Other reports of sexual predation by Washington Commanders owner Dan Snyder were addressed in a congressional hearing in February. (Snyder has denied the allegations.)
“Our offices will use the full weight of our authority to investigate and prosecute allegations of harassment, discrimination, or retaliation by employers throughout our states, including at the National Football League,” the AGs said in their letter Tuesday.
And things only got worse for the NFL by week’s end.
On Thursday, two Black coaches joined former Miami Dolphins head coach Brian Flores’ class-action lawsuit accusing the league of discrimination. Flores, who is Black, alleges he was offered money by Dolphins owner Stephen Ross to lose games on purpose, and he said other teams gave him sham interviews that violated the league’s Rooney Rule, meant to ensure that minority candidates are interviewed for coaching positions.
The NFL, with its paltry contingent of Black coaches, has long been accused of discrimination and setting up Black coaches for failure. The fact multiple coaches are now willing to tie their names to those allegations in a court of law should deeply concern the NFL. Investigations can turn up all sorts of ugly and embarrassing detail.
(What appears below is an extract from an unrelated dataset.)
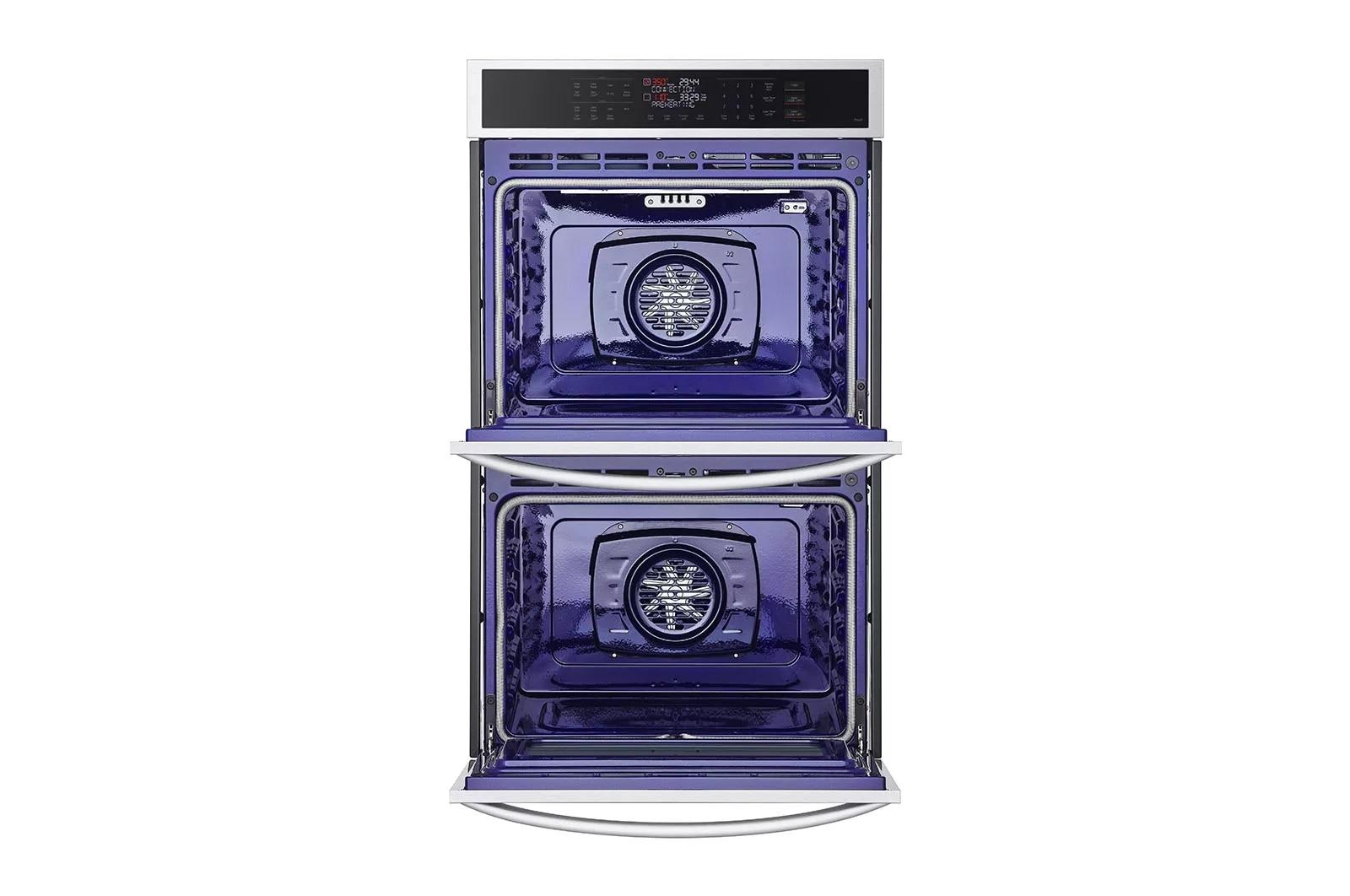 Lg WDEP9423F 9.4 Cu. Ft. Smart Double Wall Oven With Convection And Air Fry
Just ask Jon Gruden.
Former Arizona Cardinals head coach Steve Wilks was one of the coaches to join Flores’ suit, alleging he was effectively hired in 2018 to keep the seat warm for another coach and “not given any meaningful chance to succeed.” He was fired after going 3-13 in his first season.
Former Tennessee Titans defensive coordinator Ray Horton joined as well, alleging he — like Flores — had been given a sham head coach interview by the Titans in 2016 for the sole purpose of satisfying the team’s Rooney Rule obligations. Those claims seem to be corroborated by the man who eventually got that job, Mike Mularkey, who said in a 2020 podcast that Titans ownership told him the job was his before Horton had his interview.
“I sat there knowing I was the head coach in ‘16 as they went through this fake hiring process,” he said.
The NFL has denied Flores' allegations and, in response to the February report from the Times, disputed that the league was insensitive to issues of gender and racial inequality. The Dolphins, Cardinals and Titans have also denied the former coaches' allegations.
But as the adage goes, “where there’s smoke, there’s fire.” But when it comes to the NFL’s issues with racist discrimination and misogynist marginalization, we’re talking about a blaze that’s been raging in plain sight for decades. Whatever the legal outcome, the league's facade of morality is falling to pieces.